David Neeleman, the founder of JetBlue Airways and four other airlines, just launched Breeze Airways with 39 new low-cost leisure routes across the US launching this summer.
Breeze’s value proposition comes from offering cheap flights between cities with little to no direct air connectivity and fares start at $39 for even its longest flights. But extra fees for add-ons like checked baggage and seat assignments can quickly increase the final bill, defeating the purpose of booking with an ultra-low-cost carrier in the first place.
Read More: How JetBlue’s founder plans to offer low prices without a low-end experience on his newest airline, Breeze
I took two flights on Breeze Airways flying from Tampa, Florida to Charleston, South Carolina and onward to Hartford, Connecticut on the first day of the airline’s operations. Over the course of two flights, I saw how the airline follows the typical ultra-low-cost playbook and got a sense of how to spend as little as possible while getting the most from the airline.
Here’s how to when flying on America’s newest ultra-low-cost airline.
Don’t buy a seat assignment
My rule when flying ultra-low-cost carriers is to never pay extra for a seat assignment. And on Breeze, that rule holds truer than on others.
All of Breeze’s current aircraft are Embraer E190 and E195 aircraft — which JetBlue Airways, TAP Air Portugal, and Azul Brazilian Airlines flyers will recognize — and configured in a 2-2 configuration. Each seat is either an aisle or window seat with no middles to be found on the entire aircraft.
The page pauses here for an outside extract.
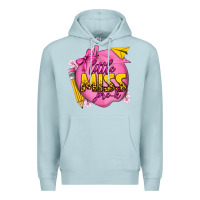 Blue Mist little miss pre k Premium Hoodie - texasbilliewilder
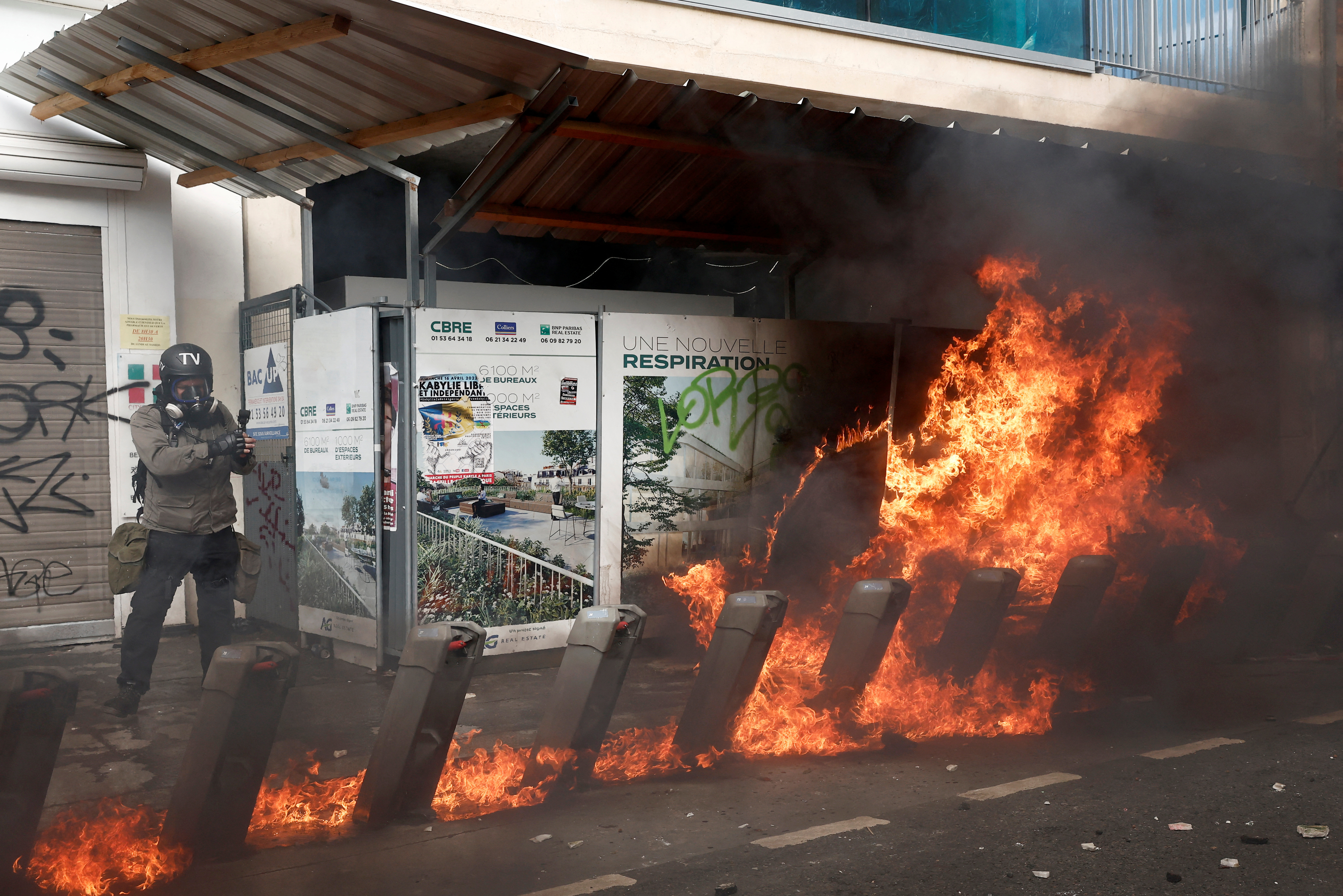 Fuegos artificiales cancelados y refuerzos policiales el día de la fiesta  nacional en Francia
Flyers that don’t pay up for a seat assignment will have one auto-assigned by the airline but every passenger is still guaranteed an aisle or window seat. With that in mind, it’s easy enough to forgo the extra fee and still get a great seat.
Having an auto-assigned seat also doesn’t mean the airline will assign the worst seat on the aircraft to those that don’t pay up. Cheaper seats in the back will likely be bought up and leave the more expensive seats open to be auto-assigned.
Case in point, I was assigned seat 23C on my first Breeze flight. It was an aisle seat towards the back of the plane but nowhere near the last row.
And if the auto-assigned seat isn’t desirable, a friendly gate agent might be willing to help out. Breeze’s motto, after all, is “seriously nice.” When flying from Charleston to Hartford, I kindly asked the gate agent if any full rows were available and I was moved to one, free of charge.
Families traveling with children 12 and under can also select seats for free.
Breeze flights are also incredibly short with the majority under two hours. So unless there’s a certain type of seat that a flyer needs to have, paying up is pointless.
Pick the Embraer E195, if possible
Breeze’s fleet of Embraer aircraft may look nearly identical but they offer vastly different onboard products. The Embraer E195 is the larger aircraft and current crown jewel of the fleet in terms of onboard comfort.
Standard legroom seats, known as “nice” seats, feature 31 inches of pitch and extra legroom “nicer” seats offer between 34 and 39 inches of pitch. The E190, for comparison, only offers 29 inches of pitch for nice seats and nicer seats offer between 33 and 39 inches of pitch.
But these planes won’t be easy to nail down. There are only three E195s currently flying for Breeze, according to Planespotters.net, and flyers may not have a choice of aircraft when booking. But if flyers do find themselves with a choice, the E195 is the way to go.
Do it yourself whenever possible
Nearly everything that a Breeze employee would have to help you with will incur an extra charge and the only way to avoid those fees is by simply doing everything yourself.
Getting a mobile boarding pass instead of having an airport agent print one will save $3, changing a flight using the Breeze website or mobile application will save $9, and adding baggage allowance on the website or app will save $50.
There are some things that the airline simply must help with, including when flights are delayed or canceled. But for the most part, the airline wants flyers to do things themselves or pay the privilege of help.
Download the Breeze mobile application
Breeze bills itself as a “high-tech company that just happens to fly airplanes,” as Neeleman told AFAR. But while all of the technological aspects of the airline are yet to be fully developed, the airline’s mobile application is a good start and makes it easy for flyers to do things themselves.
Customers can book and change flights on the app without having to talk to a Breeze agent, as well as pay for extras like seat assignments and baggage allowance. Mobile boarding passes can also be downloaded to the app so flyers can save the $3 airport printing fee.
The result is saving money on a flight while also speeding through an airport when it comes time to fly.
Just bring a backpack
Breeze charges a baggage fee of $20 fee for passengers checking a bag or carrying on any bag larger than a personal item — such as a purse or backpack. That fee increase to $25 if the flight is longer.
It’s a reasonable price to charge and lower than what most airlines charge for a checked bag.
The fee is avoidable, though, if flyers don’t need to bring a lot of luggage. Those getting away for a short trip can save $20 by simply bringing a backpack instead of a carry-on bag.
Breeze’s requirement is that it fits under the seat so overhead bin space is taken up.
Snacks are complimentary, for now
Ultra-low-cost airlines rarely give customers anything for free, snacks and drinks included. Frontier Airlines and Spirit Airlines, for example, charge for water on their flights.
Breeze will eventually begin selling snacks and drinks but for now, a complimentary offering of Utz chips and Kind bars are available to passengers accompanied by small bottles of water. It’s not much of an offering but it’s enough to get through a quick flight.
Be nice to flight attendants
Airlines aren’t the only entities capable of charging extra fees.
The Federal Aviation Administration is warning that unruly flyers can be issued fines of up to $35,000 if they act up on airplanes. Flight attendants have been the subject of unruly passengers over issues including the federal mask mandate, as Insider’s Allana Akhtar has reported, and incidents on onboard violence have skyrocketed to more than 3,200 cases as of early July.
Being kind to airline workers doesn’t require a mobile application or printing one’s own boarding pass, and all the savings that can be had on Breeze can also be quickly obliterated by the FAA.